*** Records to use ***
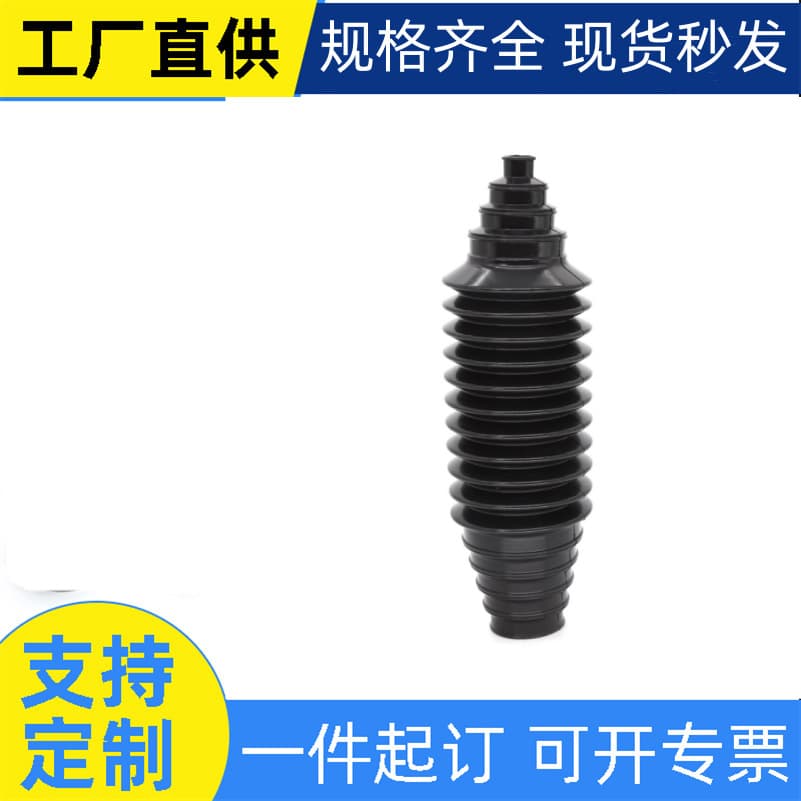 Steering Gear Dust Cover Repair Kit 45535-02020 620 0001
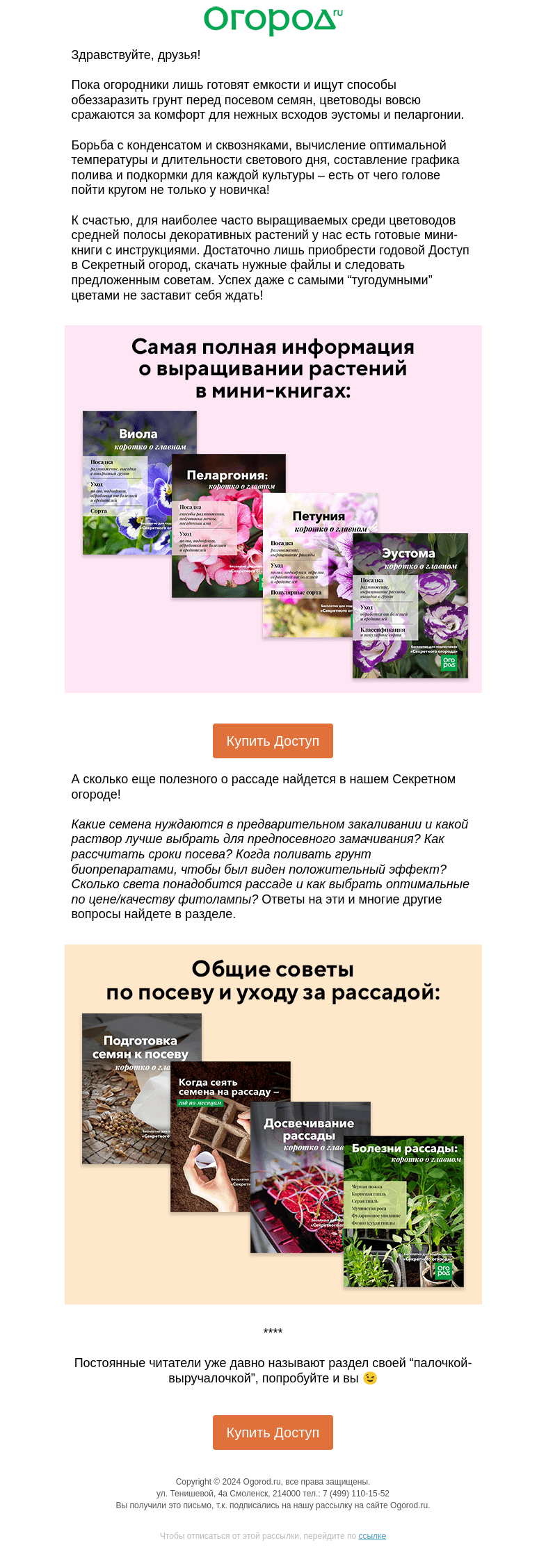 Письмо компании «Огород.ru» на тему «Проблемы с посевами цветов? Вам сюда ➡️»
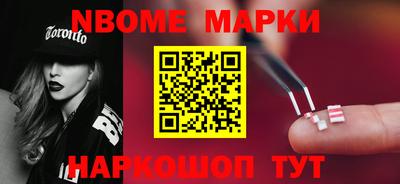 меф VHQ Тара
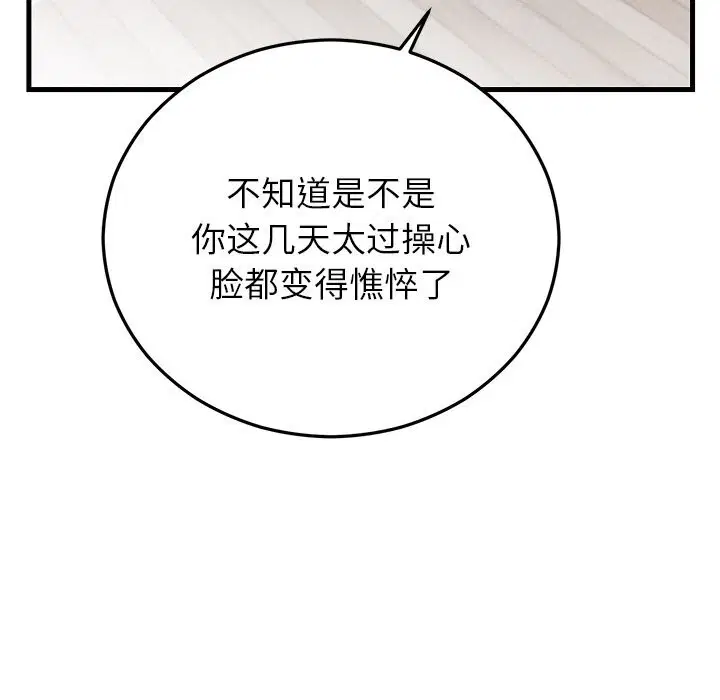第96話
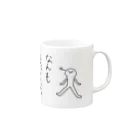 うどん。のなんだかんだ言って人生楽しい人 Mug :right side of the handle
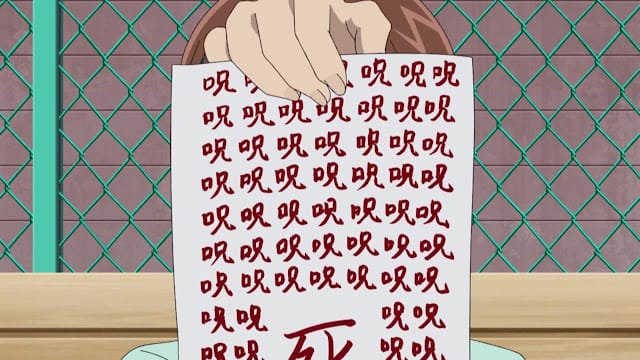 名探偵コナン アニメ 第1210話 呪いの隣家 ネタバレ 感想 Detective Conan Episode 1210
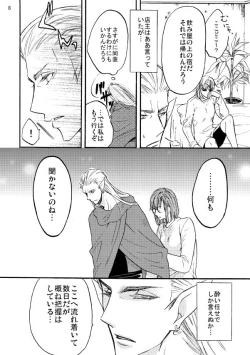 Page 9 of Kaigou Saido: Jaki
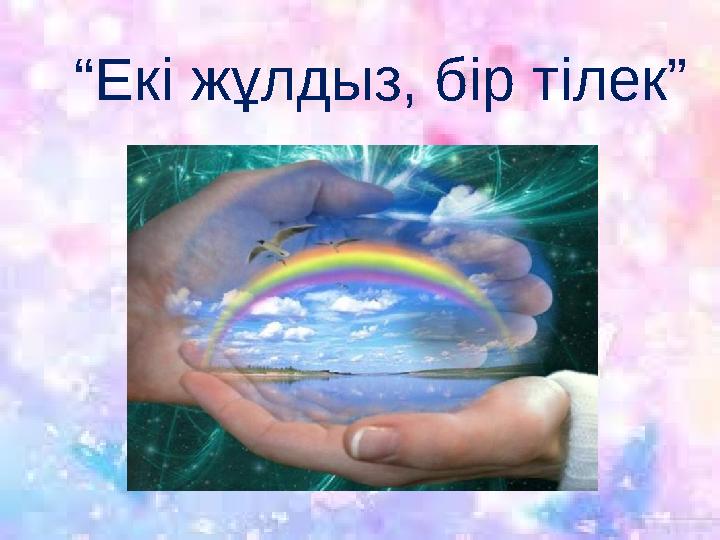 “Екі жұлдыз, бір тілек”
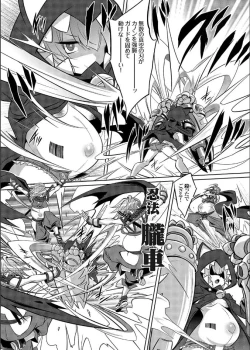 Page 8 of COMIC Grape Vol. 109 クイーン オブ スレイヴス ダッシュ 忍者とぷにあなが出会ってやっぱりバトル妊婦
***
Print the full listing above exactly. Pictures stay out of the copy.

 Steering Gear Dust Cover Repair Kit 45535-02020 620 0001
 Письмо компании «Огород.ru» на тему «Проблемы с посевами цветов? Вам сюда ➡️»
 меф VHQ Тара
第96話
 うどん。のなんだかんだ言って人生楽しい人 Mug :right side of the handle
 名探偵コナン アニメ 第1210話 呪いの隣家 ネタバレ 感想 Detective Conan Episode 1210
 Page 9 of Kaigou Saido: Jaki
 “Екі жұлдыз, бір тілек”
 Page 8 of COMIC Grape Vol. 109 クイーン オブ スレイヴス ダッシュ 忍者とぷにあなが出会ってやっぱりバトル妊婦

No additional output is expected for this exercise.